Le nouvel algorithme qui fait trembler le Web !

Le nouvel algorithme qui fait trembler le Web !

Google déréférence, depuis le 21 avril, tous les sites web qui ne proposent pas un affichage optimisé pour périphériques mobile. C’est avec ce type de décision unilatérale, que nous prenons conscience que la firme de Mountain View nous tient tous entre ses mains. Cette décision ne fait qu’accentuer une tendance en cours depuis plusieurs années : plus de 60% de la consultation web mondiale se fait par mobile. Google prend donc acte et privilégie les acteurs qui s’adapteront.
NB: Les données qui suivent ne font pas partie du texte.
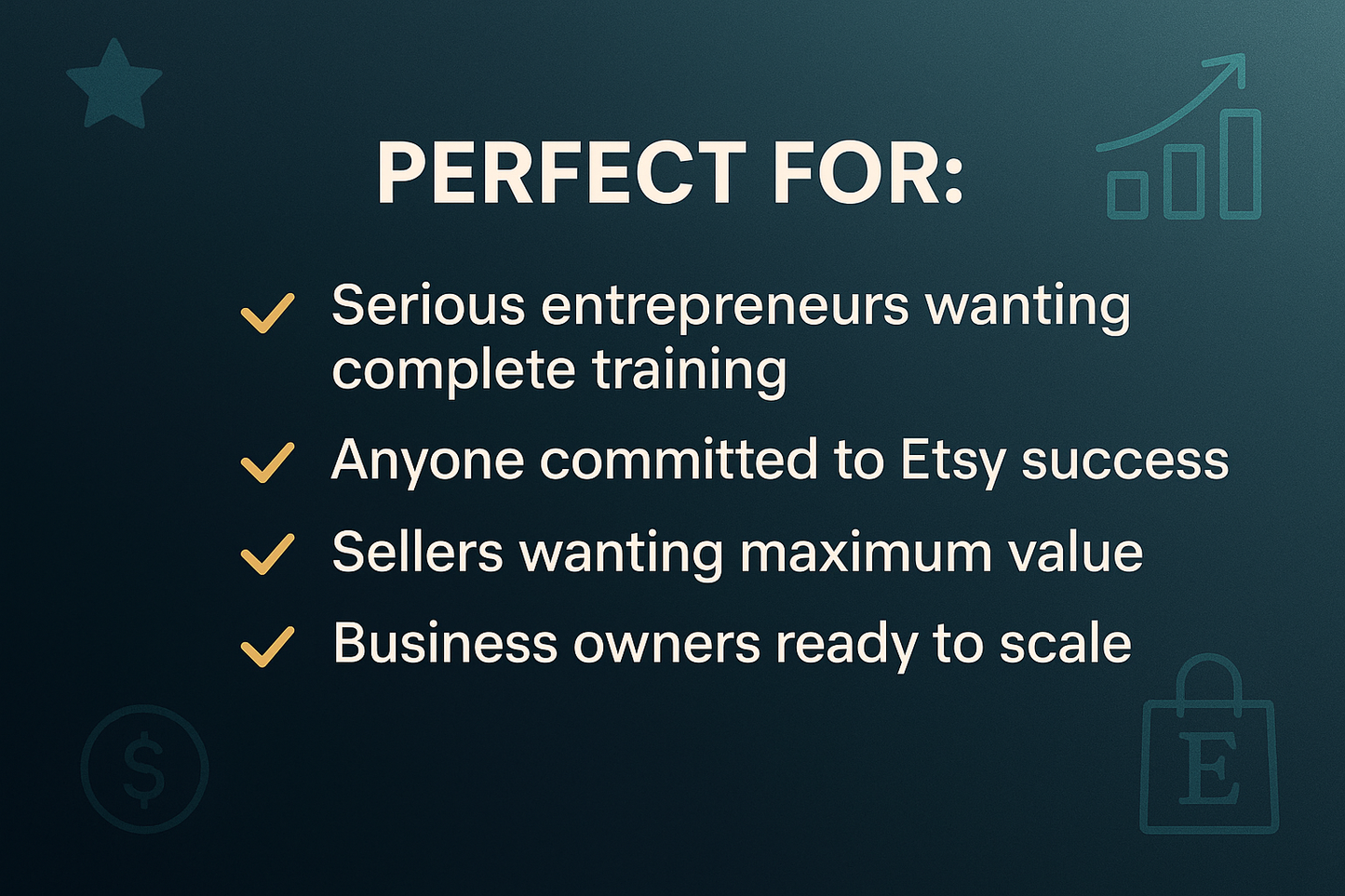 Add the following text on image: "PERFECT FOR: • Serious entrepreneurs wanting complete training • Anyone committed to Etsy success • Sellers wanting maximum value • Business owners ready to scale"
« Google a un droit de vie et de mort sur certains sites internet, si on est déréférencé de Google, on perd entre 60% et 80% de son chiffre », explique à l’AFP Jonathan Vidor, président de l’agence e-marketing JVWEB.

Même si le mobile ne représente qu’une petite partie de ces revenus, « tout le monde a eu peur que Google ne fasse une action violente », poursuit-il.

Pour le site technophile américain Wired, « il s’agit probablement du changement le plus important de ces dernières années. Et c’est un rappel de la façon magnanime mais complètement égoïste dont Google utilise sa puissance sur le marché pour accélérer les changements dans le reste de l’internet ».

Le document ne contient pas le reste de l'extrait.